_Problem to work on_
After locating the line that contains "31 Central Pike, Scituate, RI 02857 Zillow", quote it and all lines after it through the end of the entries, and nothing more. Pictures stay out.

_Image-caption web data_
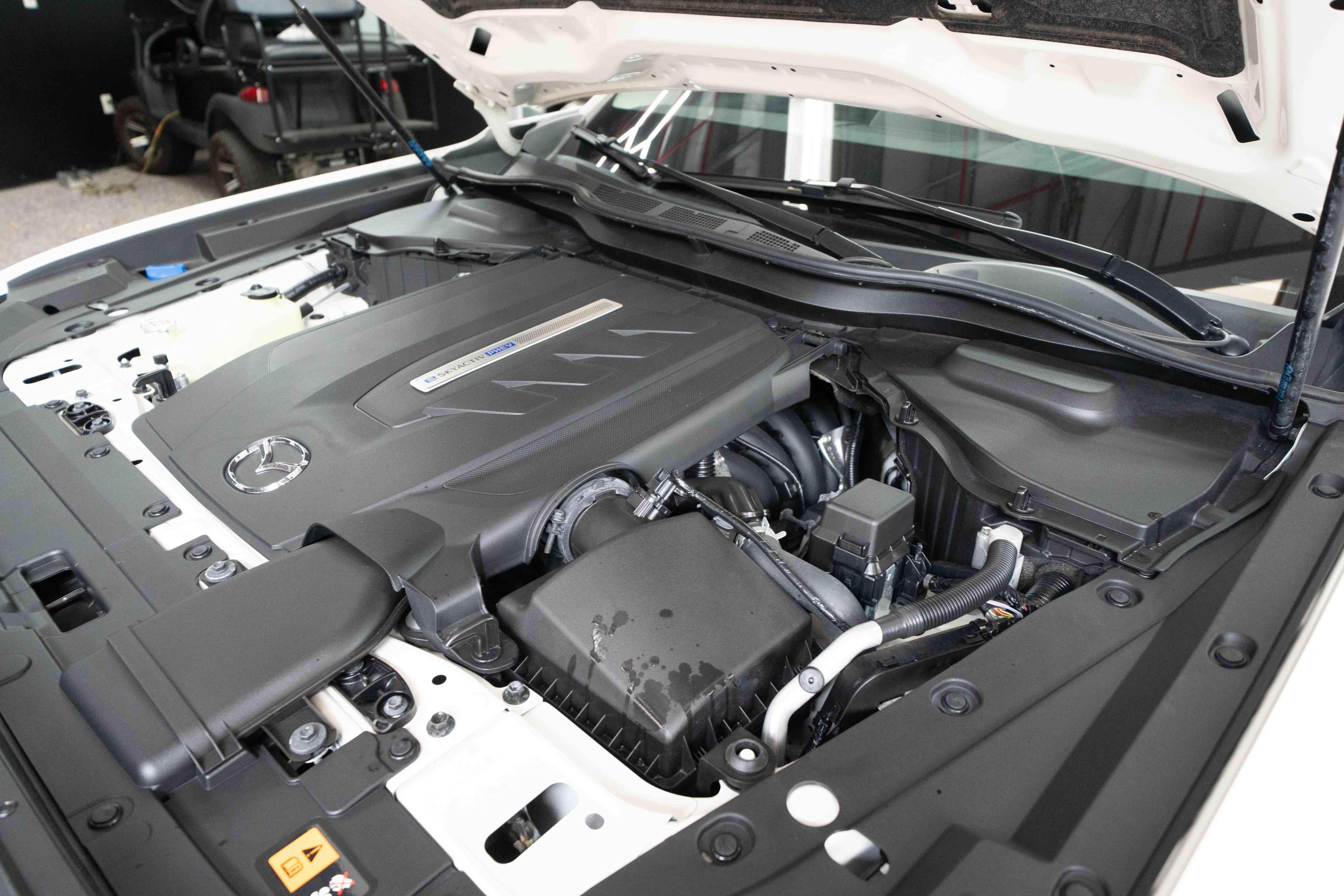 Used 2024 MAZDA CX-90 Plug-In Hybrid w/ Preferred AWD/4WD image 34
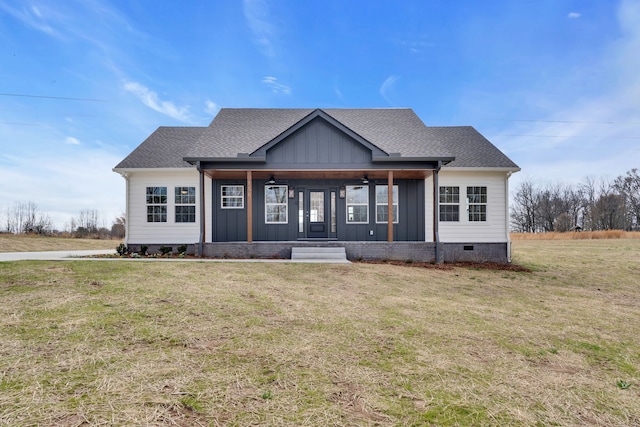 view of front of home with a front lawn, ceiling fan, and a porch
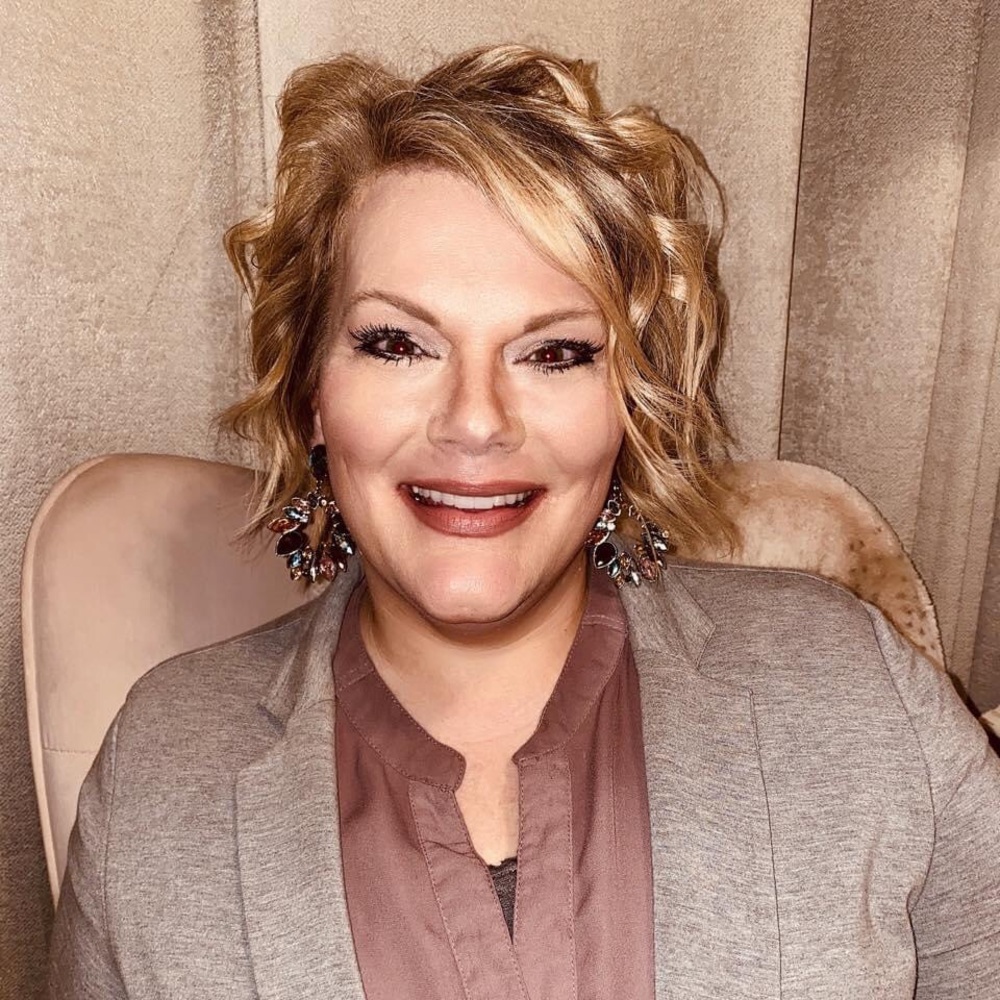 Meet your Posher, Gina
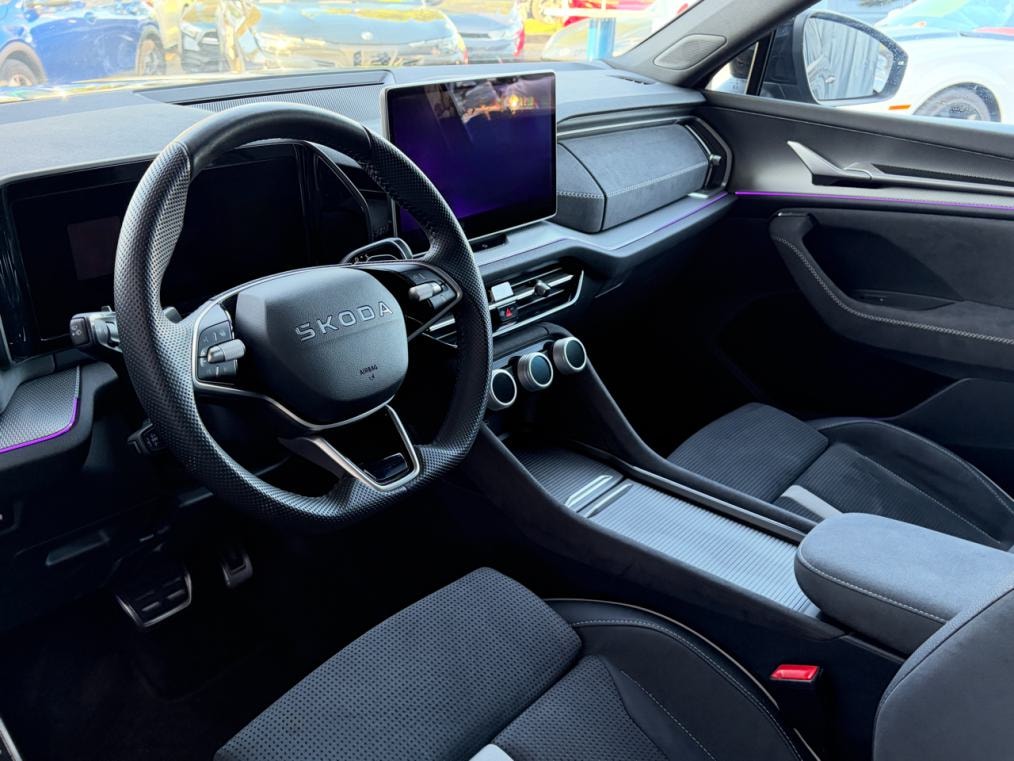 SKODA Kodiaq 2.0 TDi SportLine 4x4-image-4
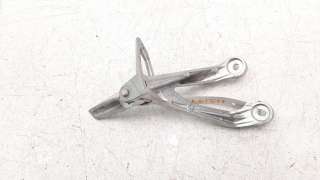 Recambio de estribo lateral para honda cb 125 f 2015- referencia OEM IAM 50725K94T00  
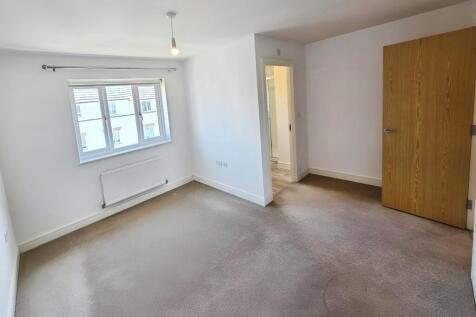 ef9e86aa-Bedroom ...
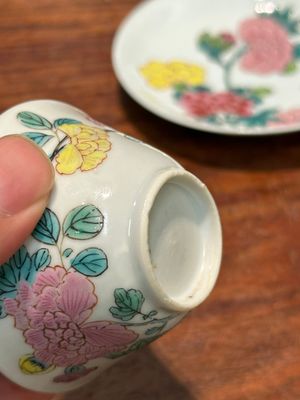 Een paar Chinese famille rose koppen en schotels met pioenrozen, Yongzheng — foto 16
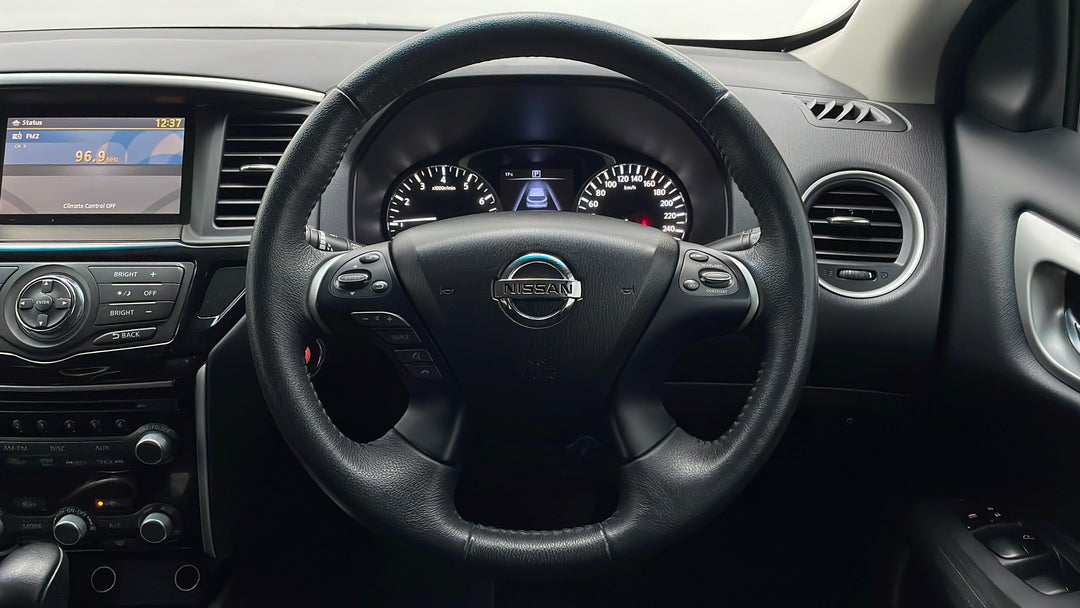 2016 Nissan Pathfinder St (4x2), Automatic, 111093 km, Steering Wheel Close-up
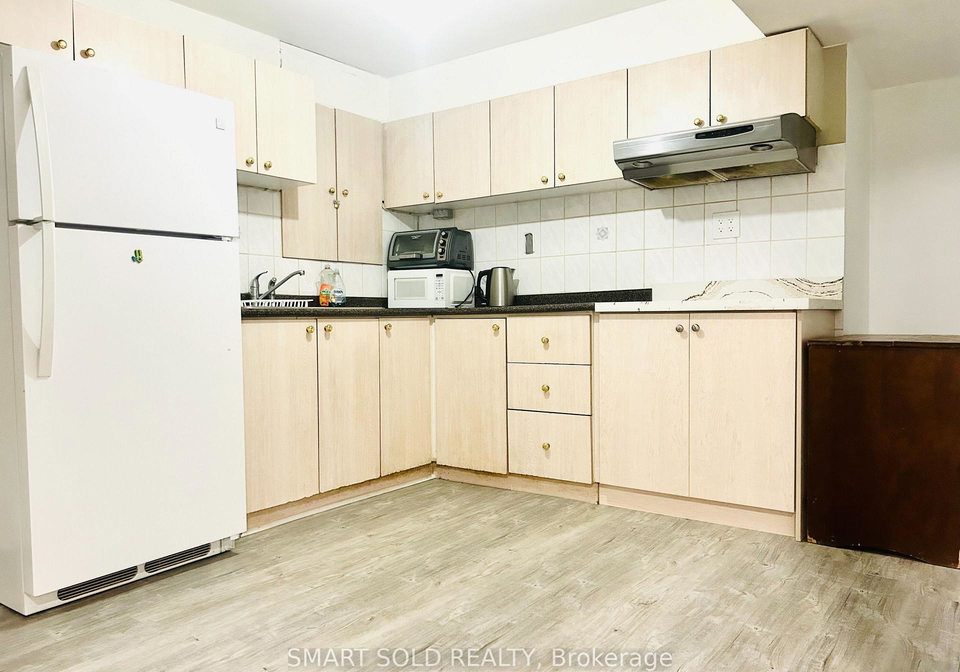 38-challenger-court-toronto-scarborough-ontario-e13651952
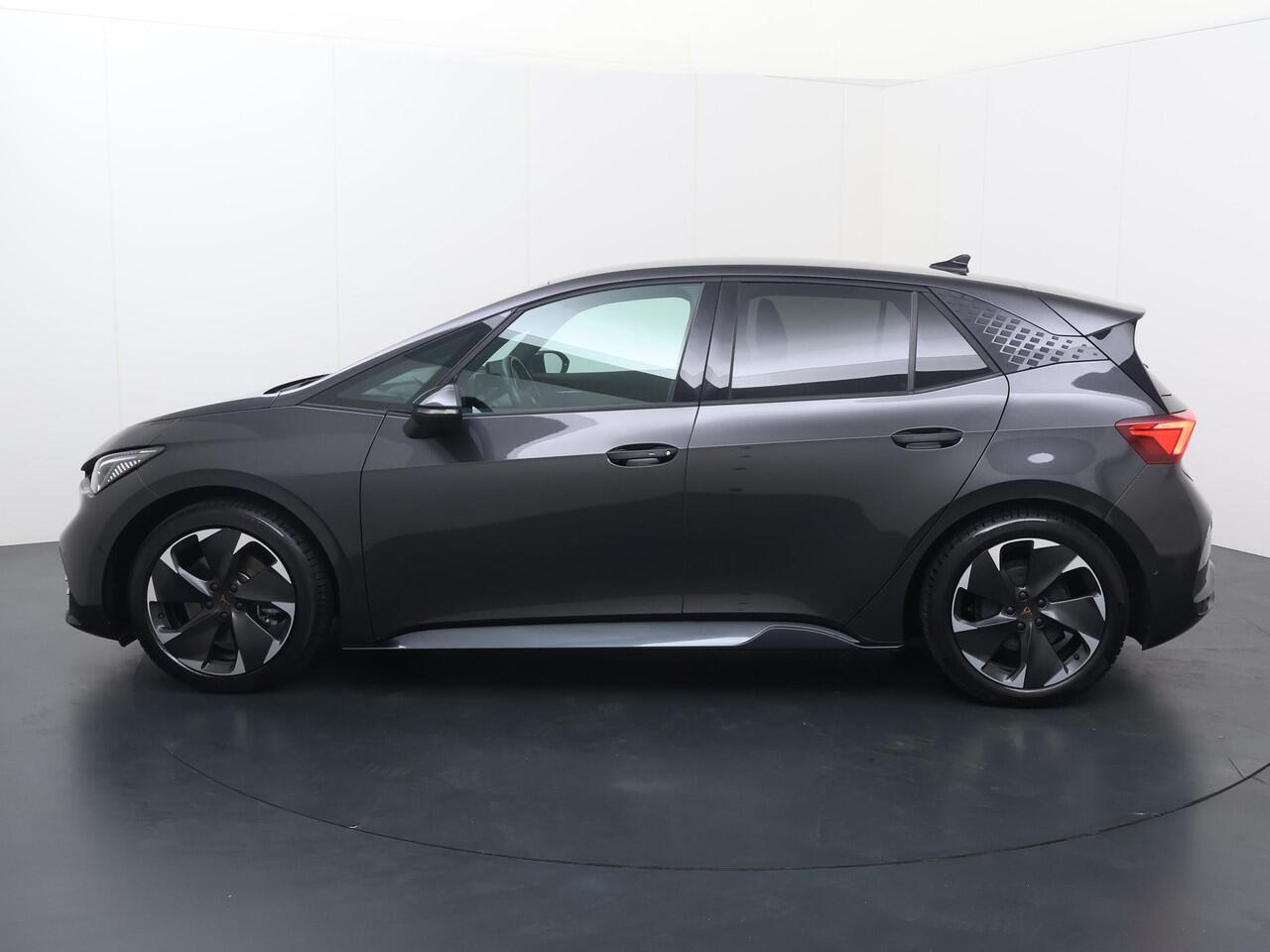 Cupra Born Adrenaline 62 kWh | 231 PK | SoH 89% | Voorstoelen verwarmd | LED verlichting | Adaptive cruise control | Apple Carplay/Android Auto |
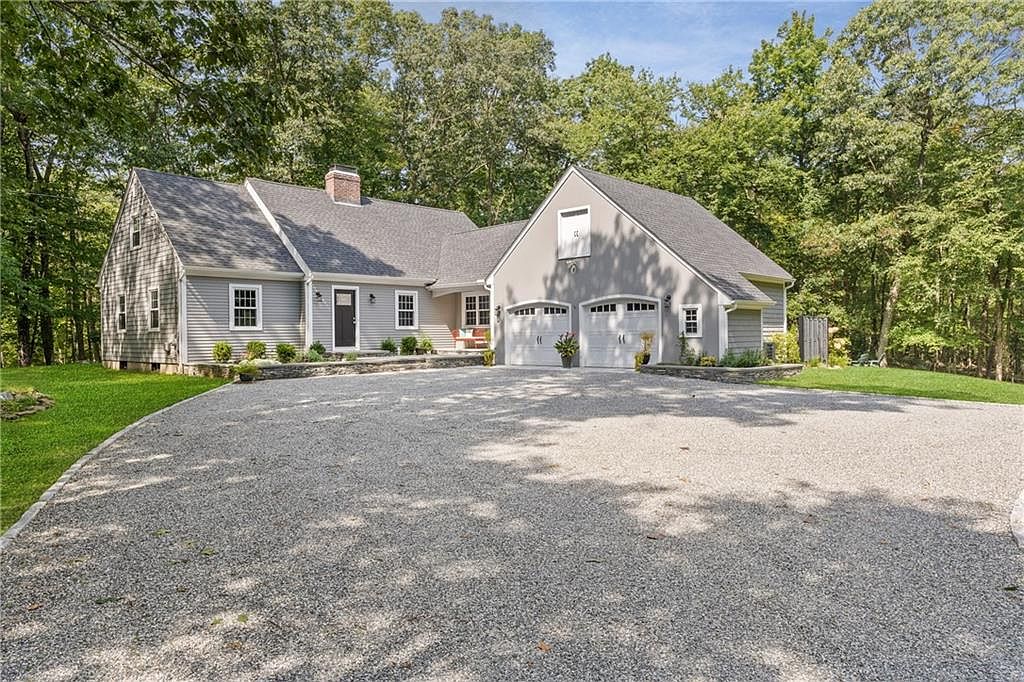 31 Central Pike, Scituate, RI 02857 Zillow
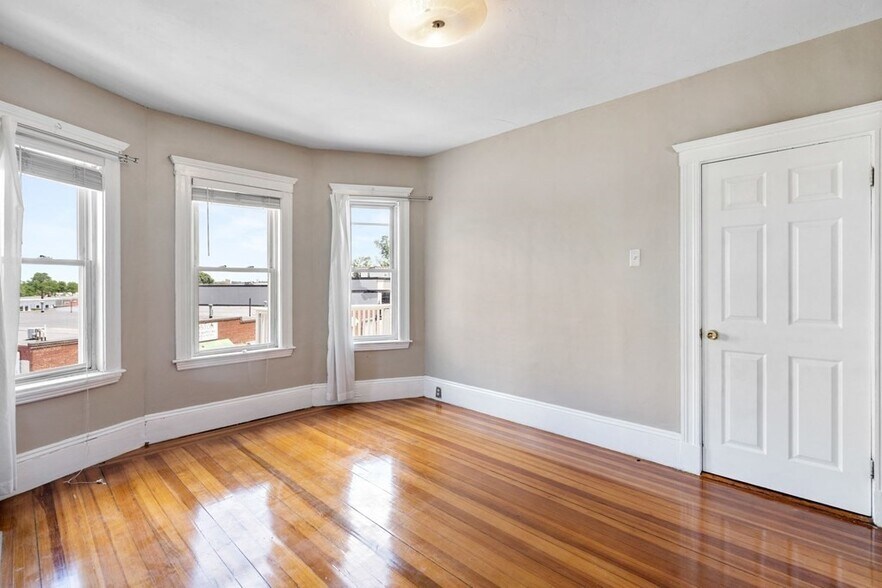 Building Photo - 73 Neponset Ave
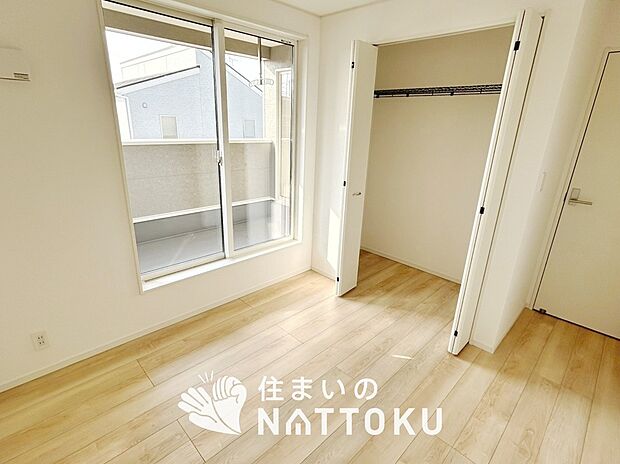 【現地写真(寝室)】木目の美しさを際立たせるシンプルデザインの建具を使用しています。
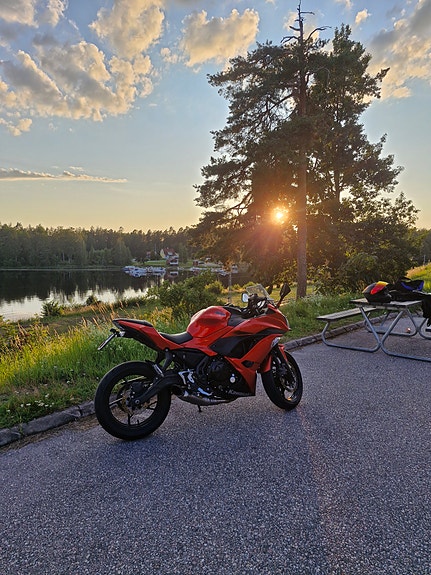 Kawasaki Ninja ER-6F 2 of 6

_Result for this task_
 31 Central Pike, Scituate, RI 02857 Zillow
 Building Photo - 73 Neponset Ave
 【現地写真(寝室)】木目の美しさを際立たせるシンプルデザインの建具を使用しています。
 Kawasaki Ninja ER-6F 2 of 6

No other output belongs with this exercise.